■ Task prompt ■
When the listing below reaches the line that has "Cozy Home In Glesborg With Sauna - 6", start reproducing exactly; stop after the line that has "På stranden, solstolar och strandhanddukar", and drop the pictures.

■ Source material ■
________________

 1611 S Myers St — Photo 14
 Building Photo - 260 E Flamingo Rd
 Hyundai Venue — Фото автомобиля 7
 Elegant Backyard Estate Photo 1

________________

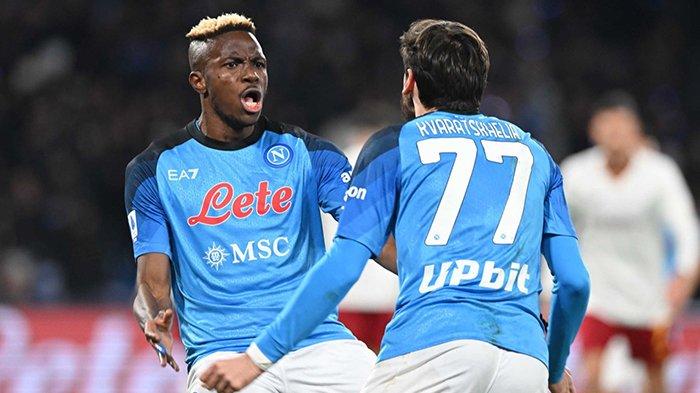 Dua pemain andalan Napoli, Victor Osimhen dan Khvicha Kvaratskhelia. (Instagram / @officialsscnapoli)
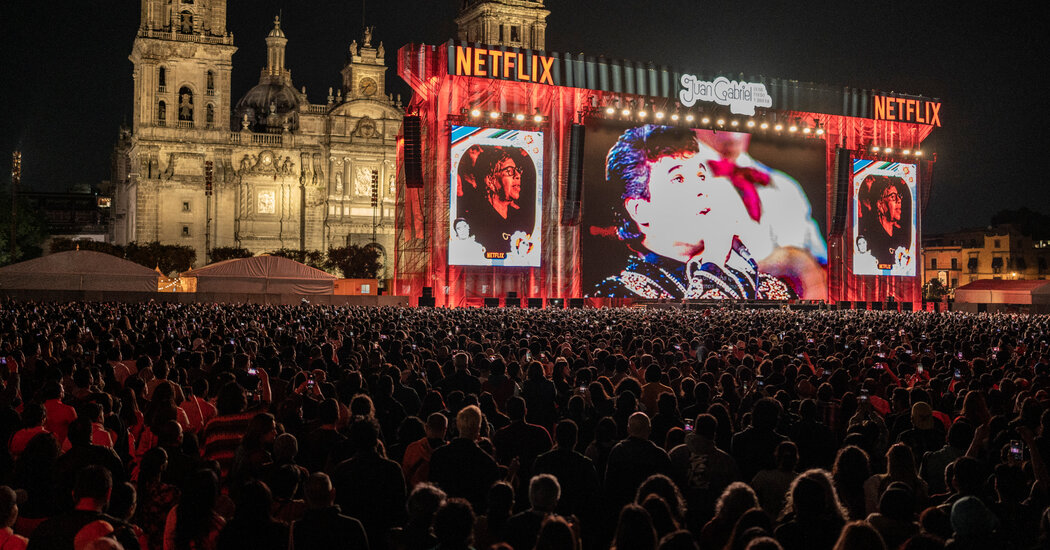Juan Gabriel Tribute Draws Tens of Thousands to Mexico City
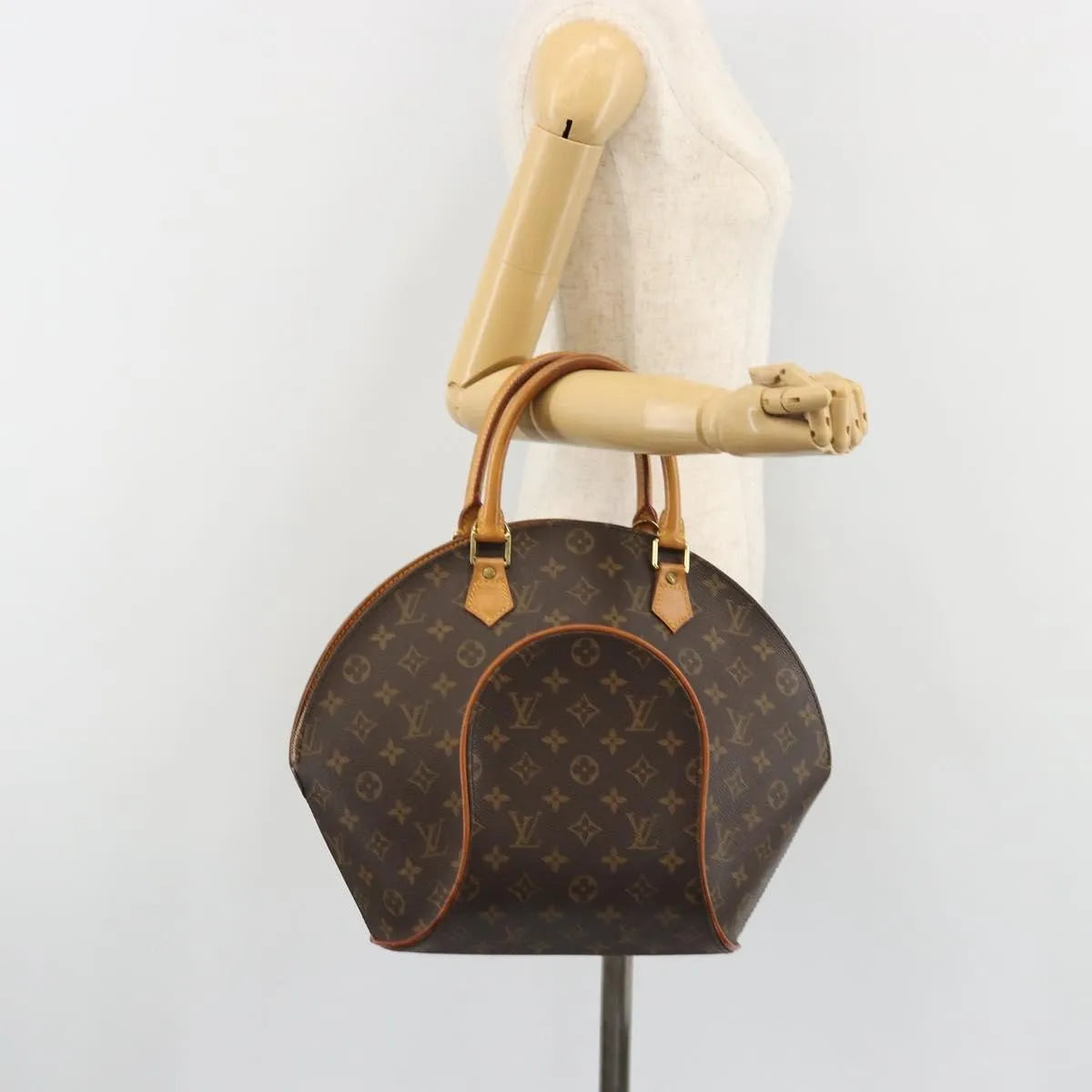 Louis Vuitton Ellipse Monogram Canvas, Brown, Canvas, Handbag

________________

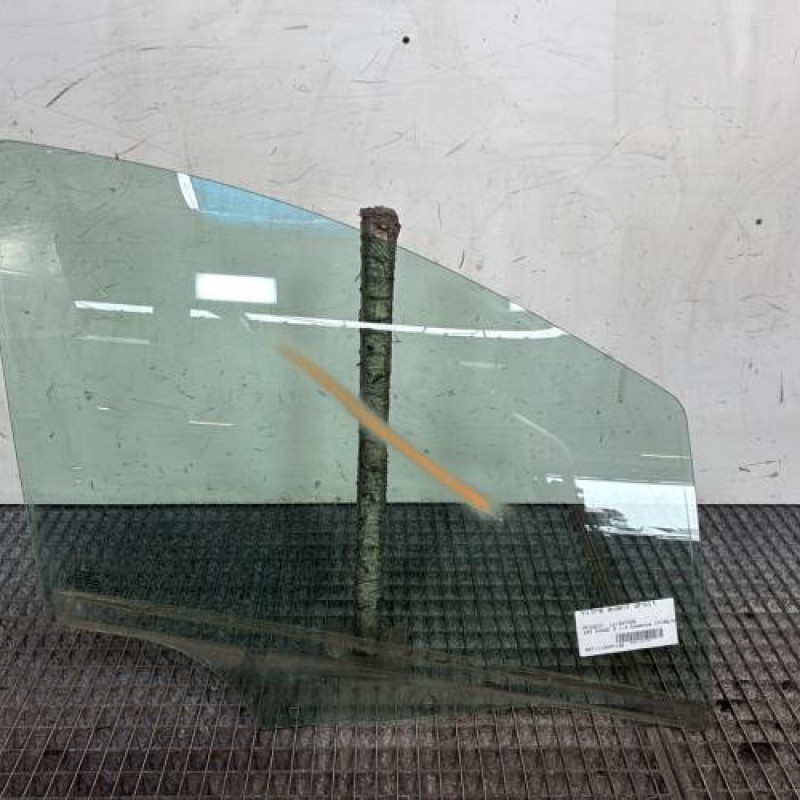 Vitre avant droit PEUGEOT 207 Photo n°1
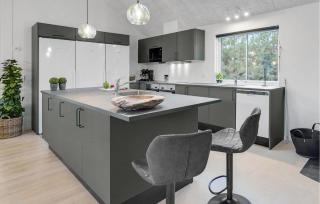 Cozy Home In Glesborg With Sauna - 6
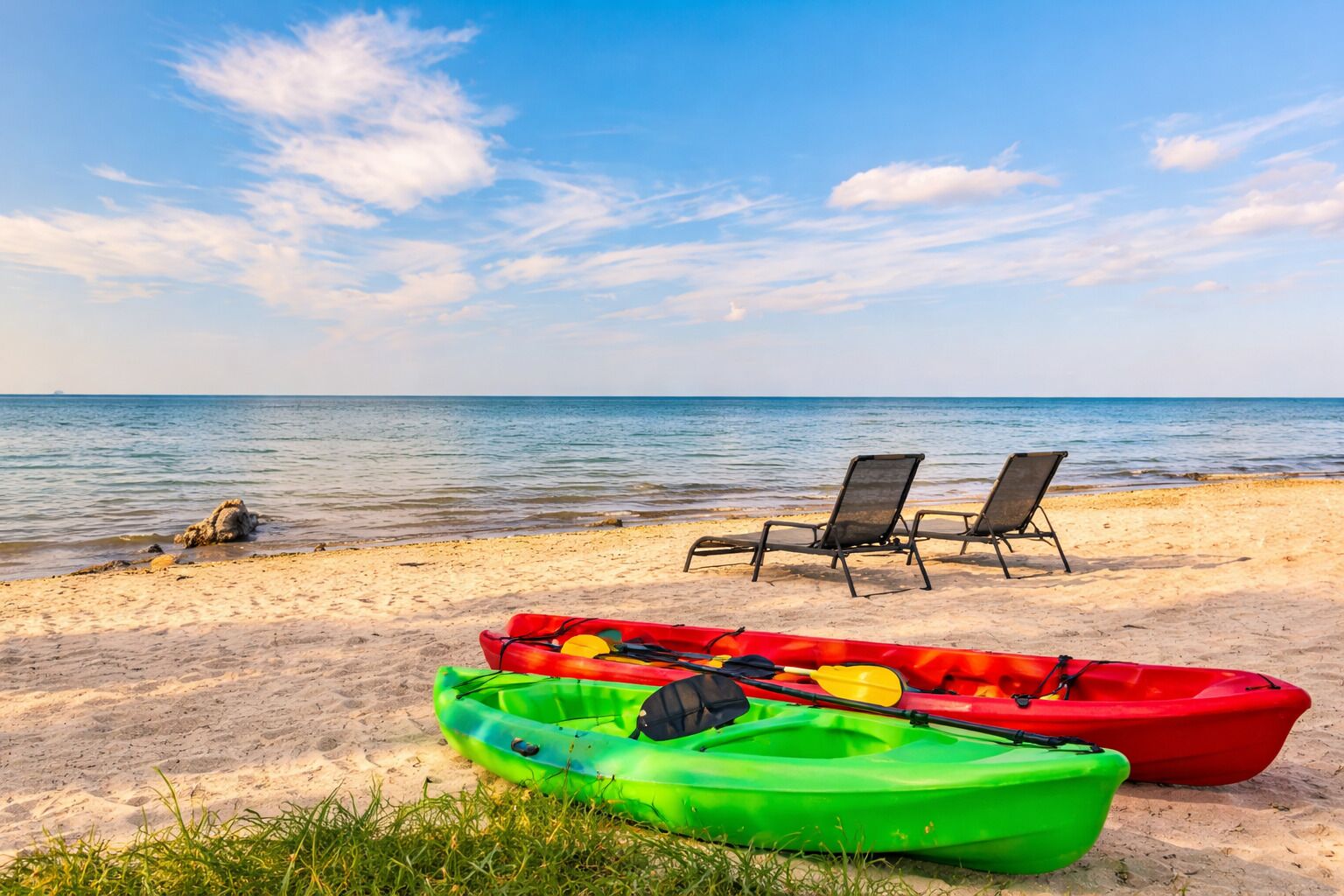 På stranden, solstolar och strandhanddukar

________________

■ Reply to the exercise ■
 Cozy Home In Glesborg With Sauna - 6
 På stranden, solstolar och strandhanddukar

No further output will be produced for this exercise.